What you need to do =>
Pictures excluded, retype the lines from the one containing "Retrato de mulher" through the last line of the data below, both included.

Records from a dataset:
--- --- ---

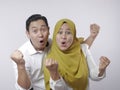 Happy Asian Muslim Couple Shows Winning Gesture Royalty Free Stock Photo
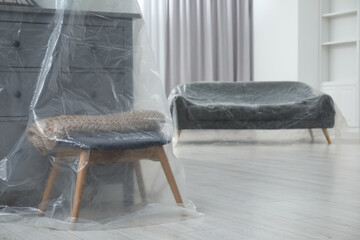 Grey chest of drawers, stool and sofa covered with plastic film at home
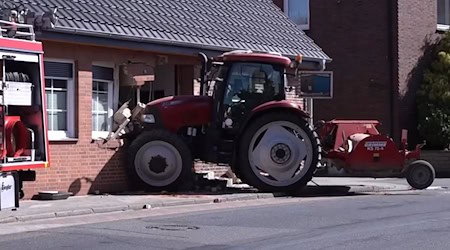 Ein Traktor steckt in einer stark beschädigten Hauswand. Wich der Fahrer einem Schulbus aus?  / Foto: Benjamin Müller/TNN/dpa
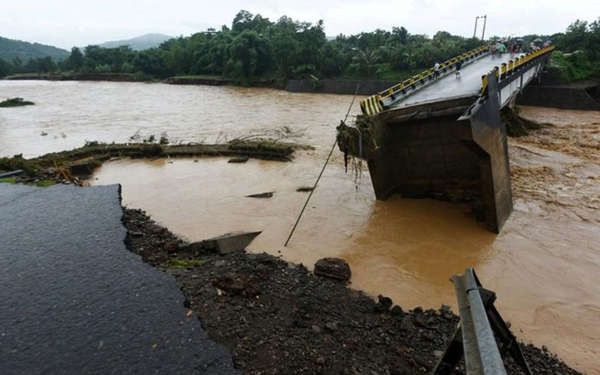Người dân địa phương nhìn cây cầu bị phá hủy sau khi lũ lụt tấn công Manuju ở Gowa, Nam Sulawesi, Indonesia vào ngày 23/1/2019. Ảnh: Antara Foto / Yusran Uccang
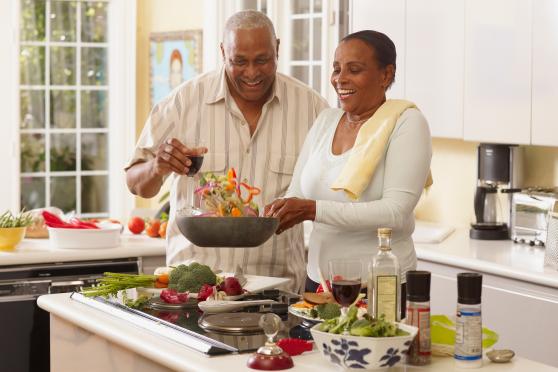 Photo: Man and woman cooking a healthy meal together.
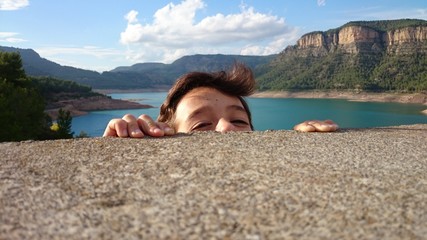 Niño asomándose por pared con embalse al fondo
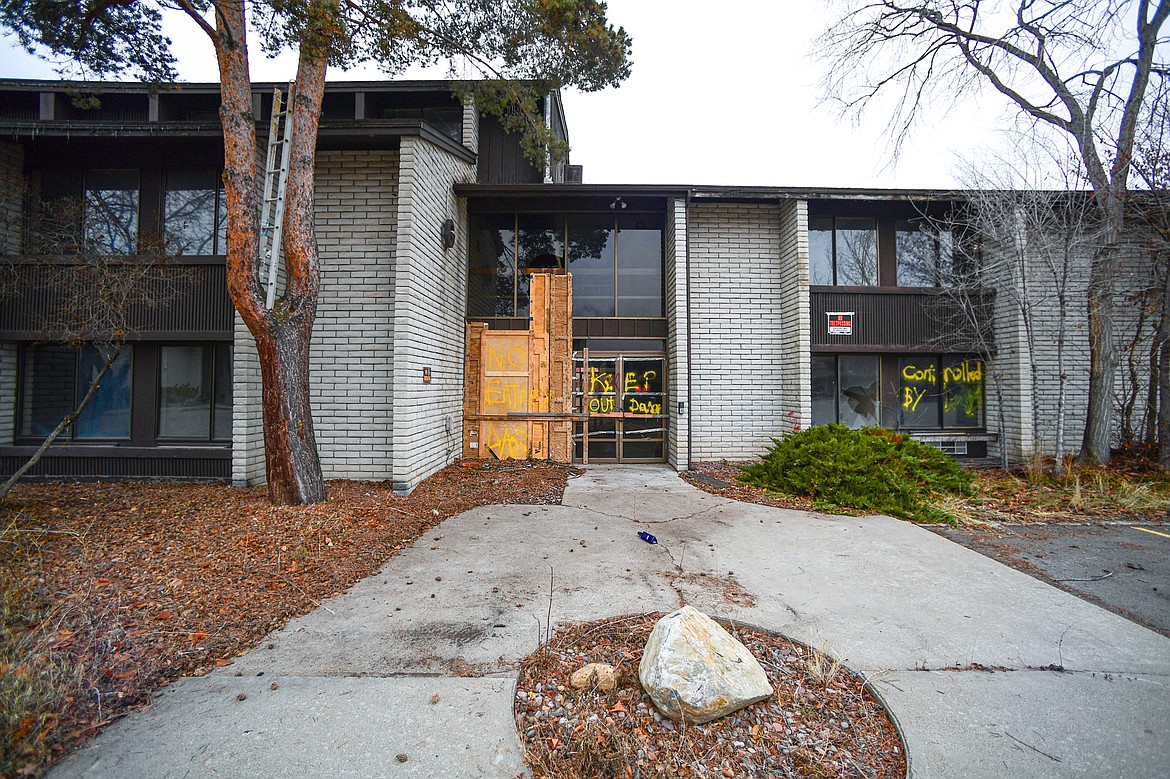 A boarded-up entrance at the former Fairbridge Inn & Suites and Outlaw Convention Center in Kalispell on Wednesday, Dec. 4. (Casey Kreider/Daily Inter Lake)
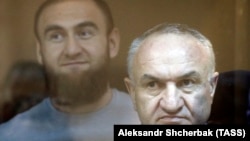 Raul Arashukov (front) and his son Rauf attend a court hearing in Moscow in July 2020.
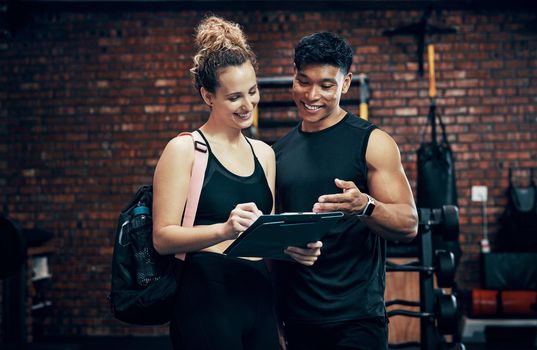 Sign up for our new fitness program. a sporty young woman talking to a fitness trainer at the gym.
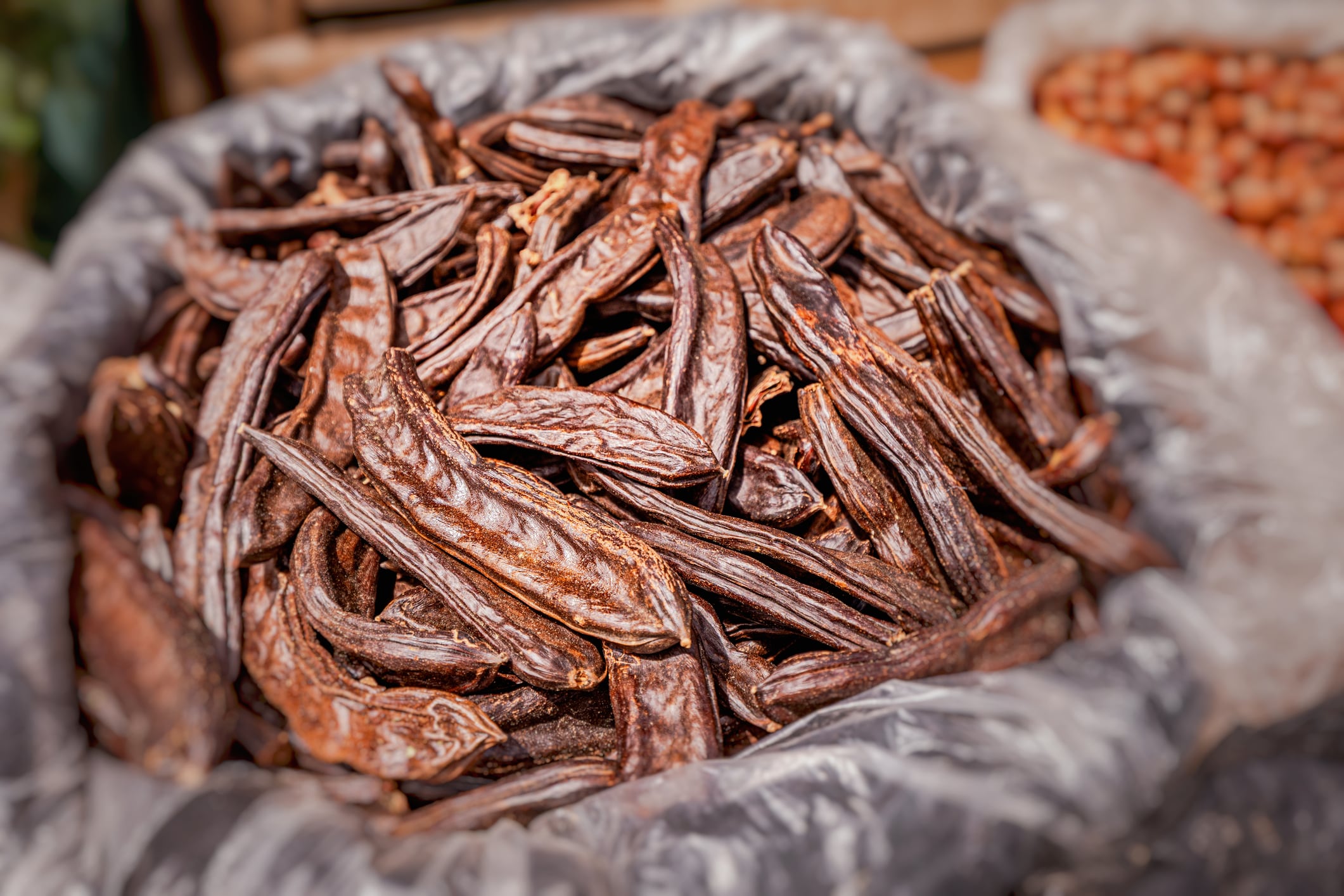 Carob pods in a sack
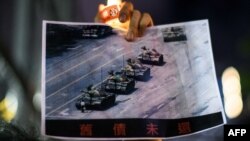 在香港维多利亚公园参加纪念六四事件31周年的一名男子手持天安门广场“坦克人”的照片。(2020年6月4日)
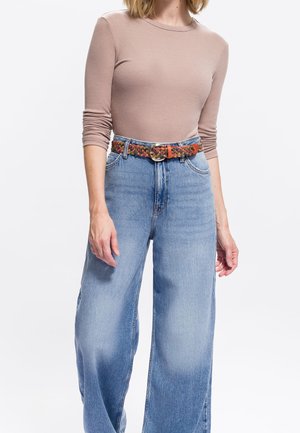 Woman wearing a fitted long-sleeve beige top tucked into high-waisted wide-leg blue jeans with a braided brown belt.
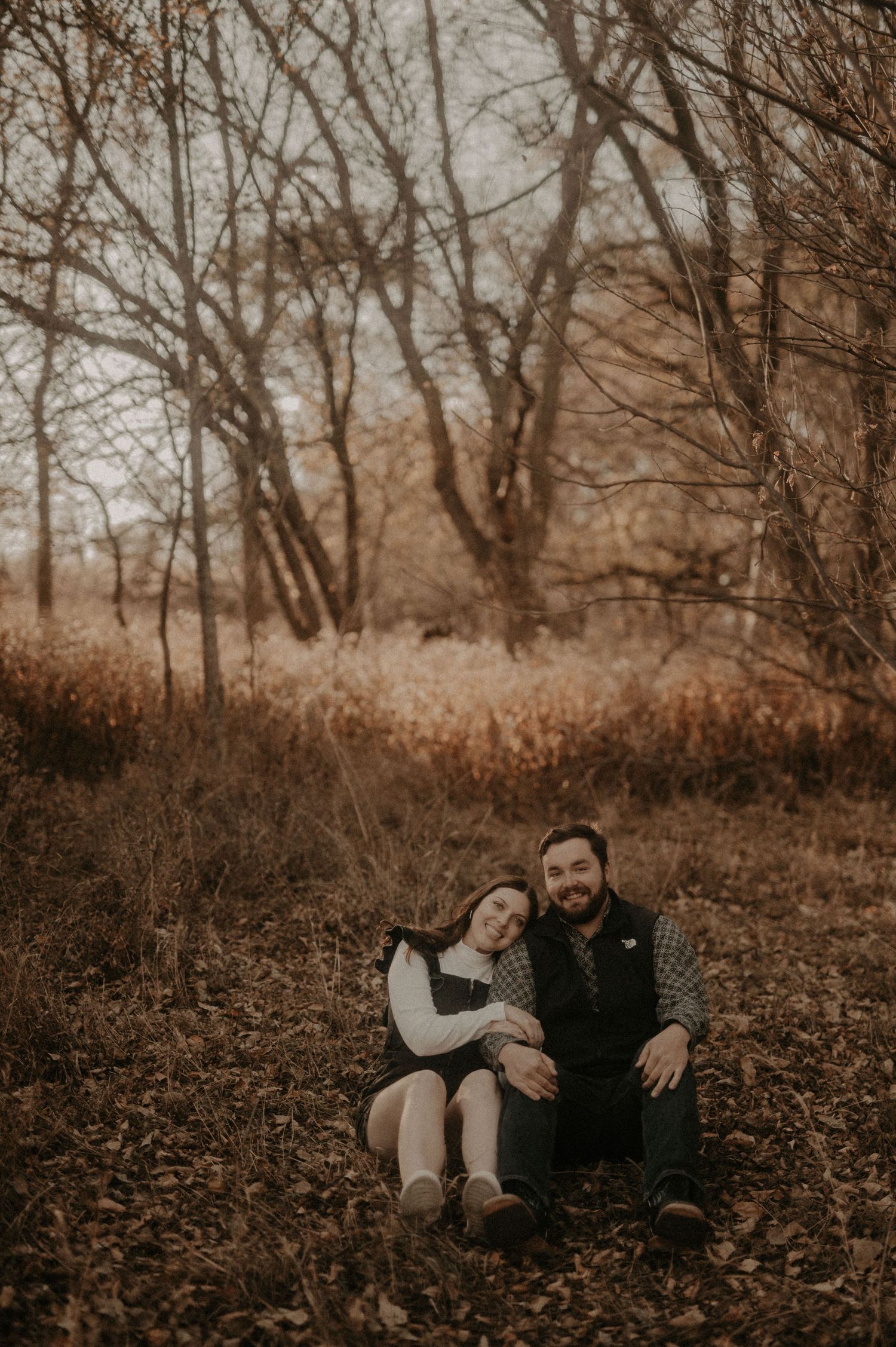 A couple sits together on fallen autumn leaves in a moody forest setting during golden hour.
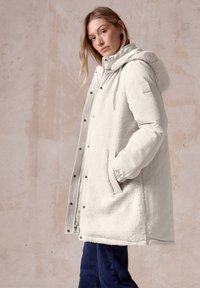 Lichtgrijze oversized jas met een pluizige, textuurrijke witte voorkant, drukknoopsluiting en een capuchon. Heeft zijzakken en elastiche manchetten.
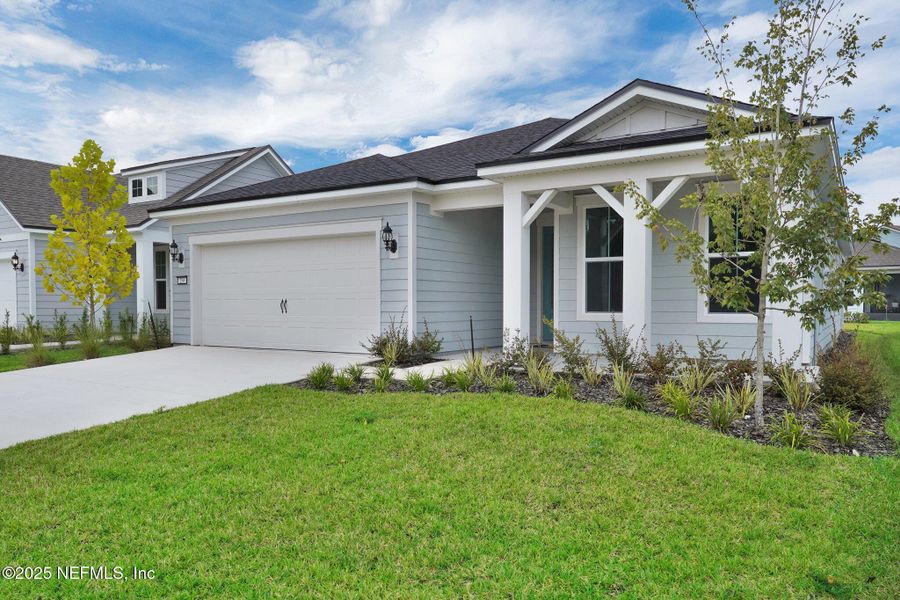 Front exterior of a new home in Summer Bay at Grand Oaks, St. Augustine, FL, highlighting curb appeal (Image 24).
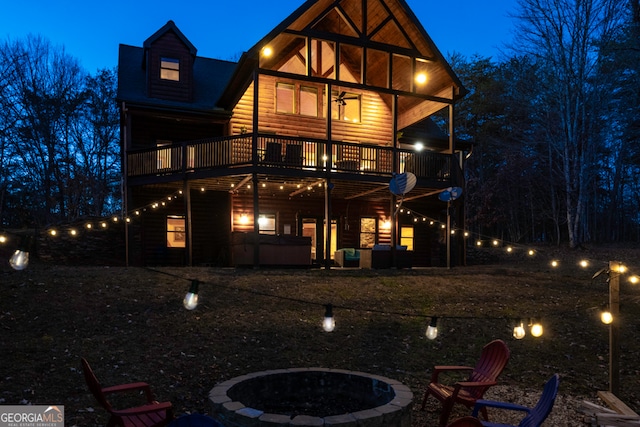 back house at twilight with a fire pit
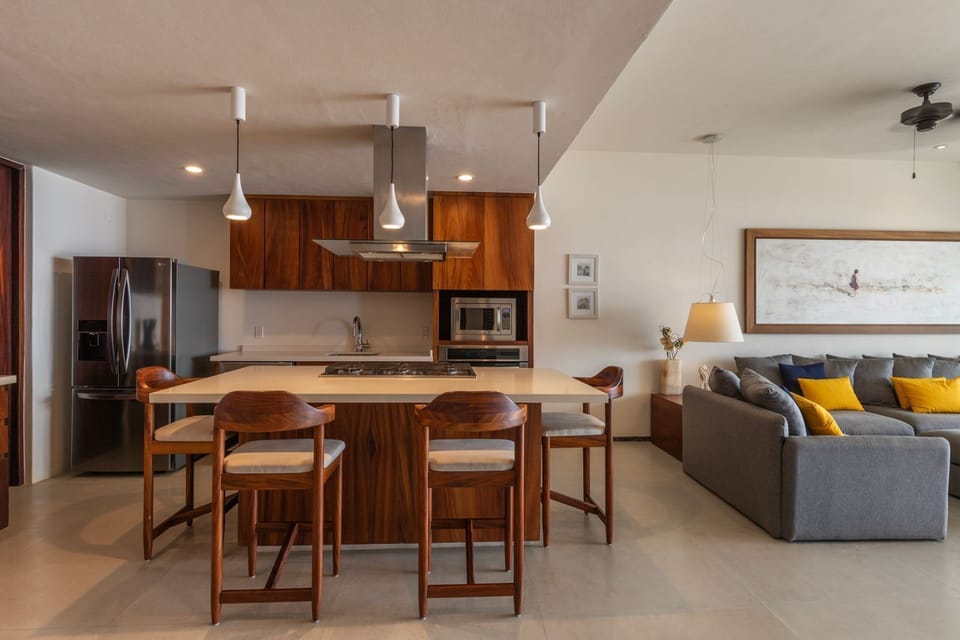 A beautifully designed open-concept space combining a gourmet kitchen, bar seating, and a cozy living room.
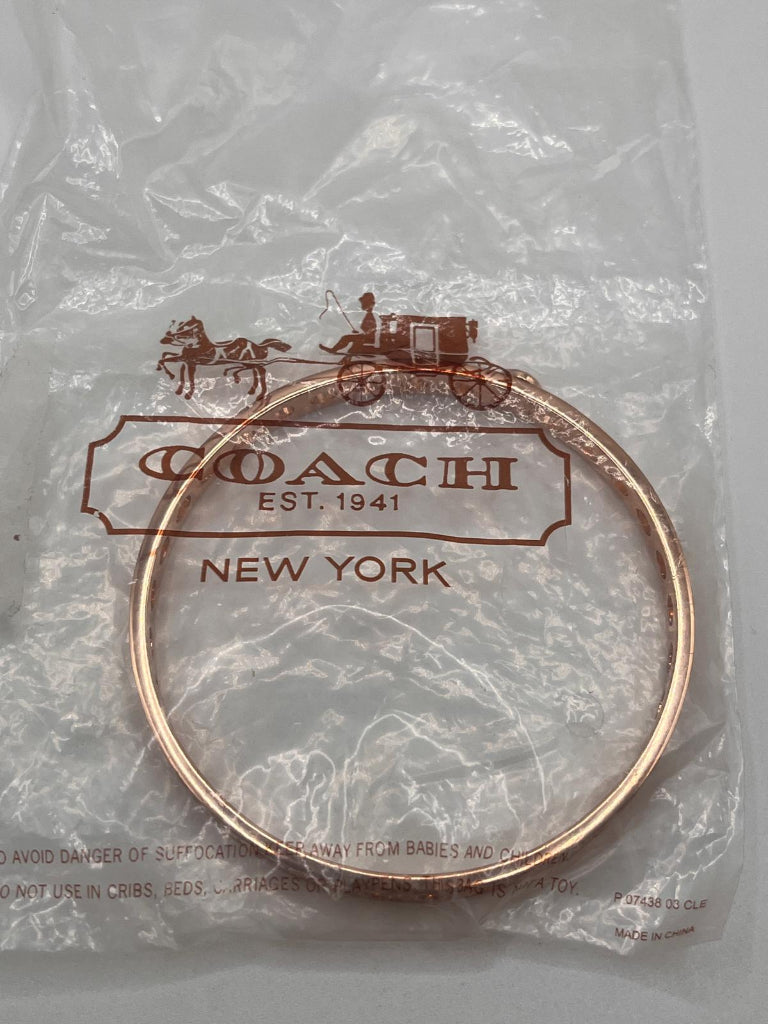 Coach bracelet in packaging with brand logo on a gray background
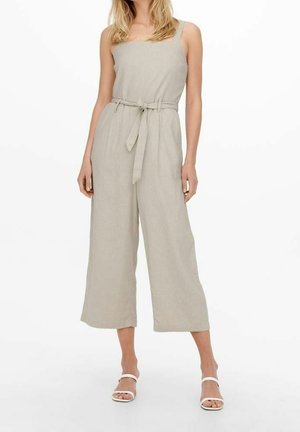 Lysebeige buksedragt med firkantet udskæring, vide ben og et stofbælte. Fremstillet af et struktureret materiale og med tynde stropper.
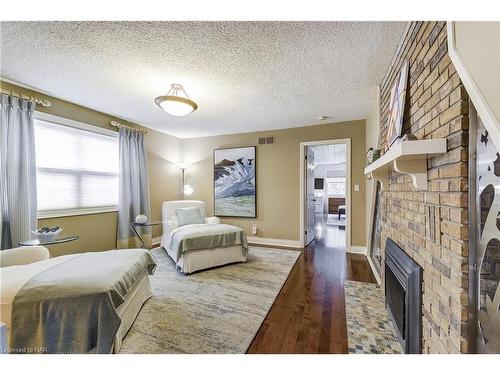 29 Colonel Butler Crescent, Niagara-On-The-Lake, ON - Indoor Photo Showing Bedroom With Fireplace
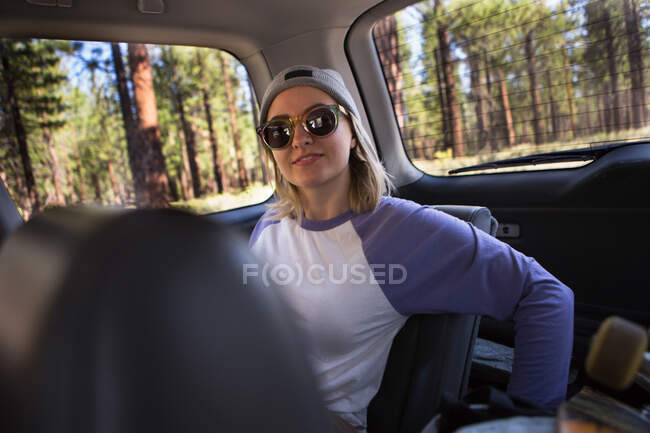 Retrato de mulher jovem usando óculos de sol em banco traseiro do carro — Fotografia de Stock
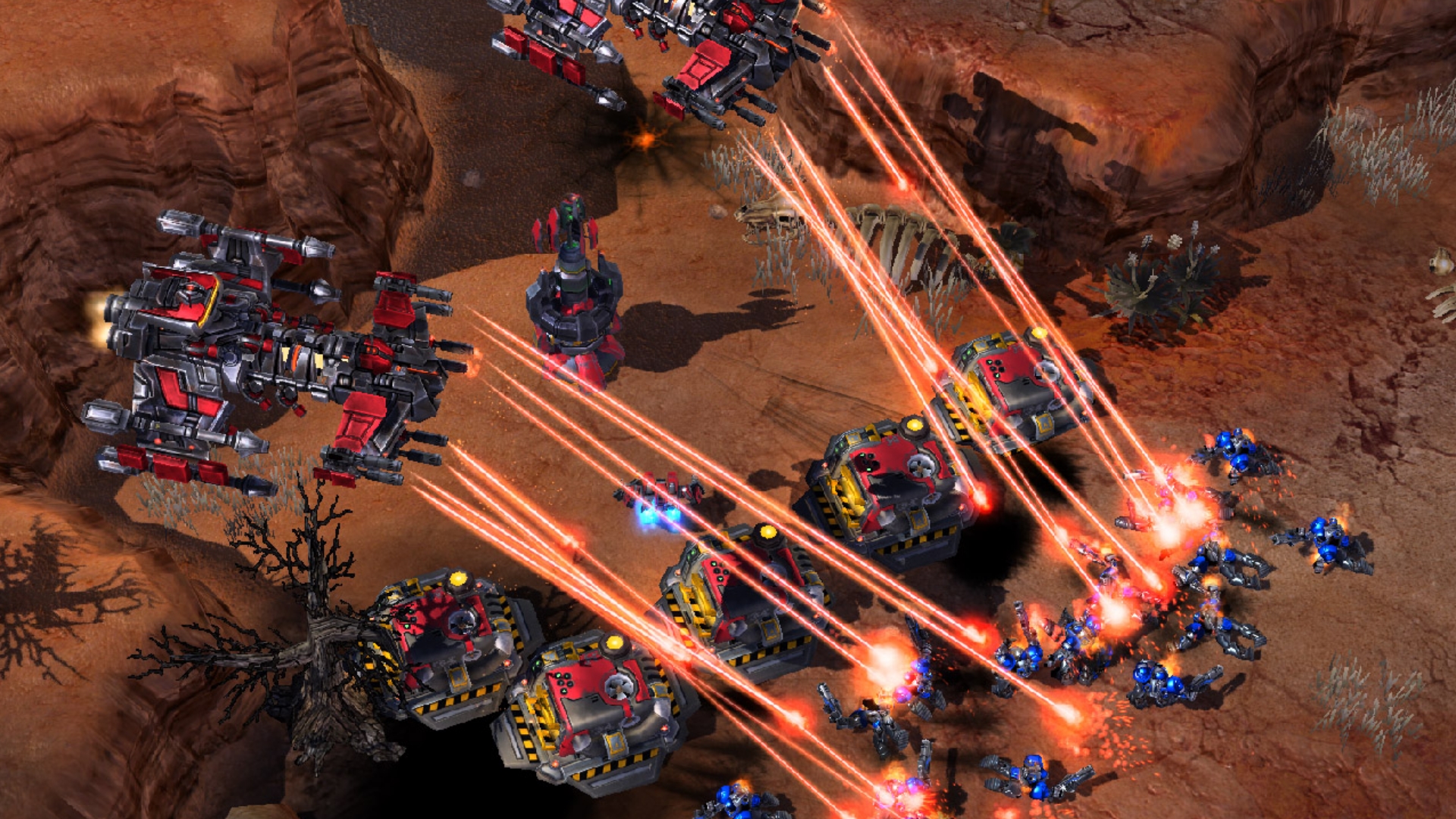 Best strategy games - two massive airships are roasting enemies with lasers in blue in StarCraft 2.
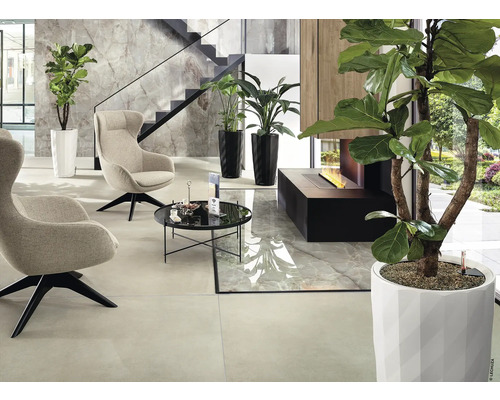 Modern interieur met fauteuils, tafel, planten en open haard.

--- --- ---

Task response =>
 Retrato de mulher jovem usando óculos de sol em banco traseiro do carro — Fotografia de Stock
 Best strategy games - two massive airships are roasting enemies with lasers in blue in StarCraft 2.
 Modern interieur met fauteuils, tafel, planten en open haard.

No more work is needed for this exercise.